There have been indications over recent months that the Nats were inclined to move on from Roark, who projects to earn $9.8MM in his final trip through arbitration. It seems reasonable to anticipate that the D.C. organization has its eyes on another upgrade to its staff, with an obvious need for one or two additional rotation pieces.
Meanwhile, Roark will help to shore up a Cincinnati starting unit that the club has long targeted for improvement. The 32-year-old has thrown at least 180 frames in each of the past three seasons, even if the results haven’t always been there. Adding him to the staff likely won’t take the Reds out of the market for starters, though the club surely values the lack of a long-term commitment given the price for open-market pitching we’re seeing so far this winter.
Roark has, to be sure, turned in some eye-popping earned run averages over full seasons, but it’s tough to see him as much of an upside play. He has only once topped a ten percent swinging-strike rate, during his otherwise poor 2017 season, and has consistently graded out as a low-4 ERA type hurler in the eyes of ERA estimators.
That’s not to say that there isn’t value in Roark’s profile — there is. But it seems likelier that the Reds should anticipate a quality, durable rotation piece than the front-line starter Roark produced like in the 2014 and 2016 seasons, in which he spun 2.85 and 2.83 ERAs, respectively, in ~200-frame samples.
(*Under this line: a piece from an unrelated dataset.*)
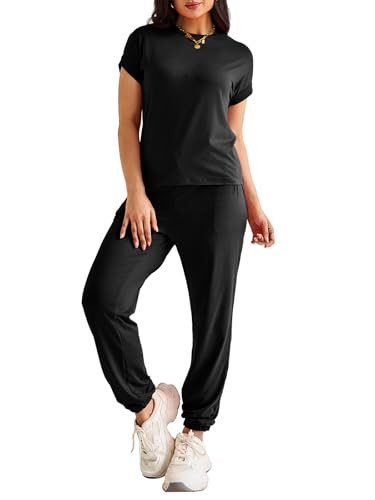 TGDVCY Two Piece Lounge Sets for Women - Casual Round Neck Tee High Waisted Pants Loungewear Tracksuit Sets with Pockets Breathable Workout Outfit Lightweight Lounge Clothes for Going Out | Amazon (US)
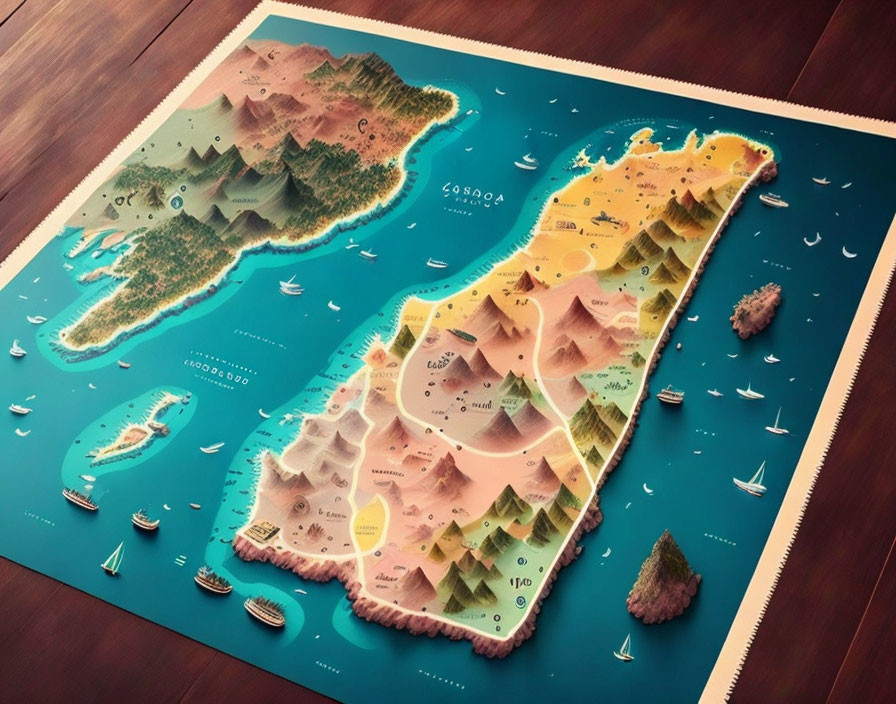 Topographic map of fictional landscape with mountains, trees, and boats in warm colors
The varying highs and lows over the years have seemingly correlated more with variations in opponents’ batting averages on balls in play than with significant differences in the underlying quality of Roark’s work on the mound.
If there’s an area of concern, it could be in the cozy confines of Great American Ball Park. Roark has never had particularly pressing issues with the long ball, but he has coughed up quite a few more in his lesser seasons (2015, 2017, 2018) than in his good ones. And after turning in approximately 48% groundball rates over the prior three years, Roark dropped to 40.7% in 2018 even as his flyball rate rose to 37.6% after sitting at or below 32% in that same three-year span.
As for the other Tanner R. in this swap, the 25-year-old Rainey is perhaps a more intriguing asset than his forgettable MLB debut effort would suggest. He scuffled badly in an eight-appearance showing last year, but did show a blazing fastball that touched 100 and averaged out at a healthy 98.3 mph.
Promising, Rainey also produced 52 innings of 2.60 ERA ball at the Triple-A level in 2018. Of course, that comes with a massive caveat: he also surrendered more than six free passes per nine innings, continuing his longstanding control difficulties. The Nats have taken some other notable risks on high-octane, command-challenged hurlers this winter. It seems likely that Rainey will open his time with the organization at Triple-A, unless he shows a major spark or a clear need arises during camp.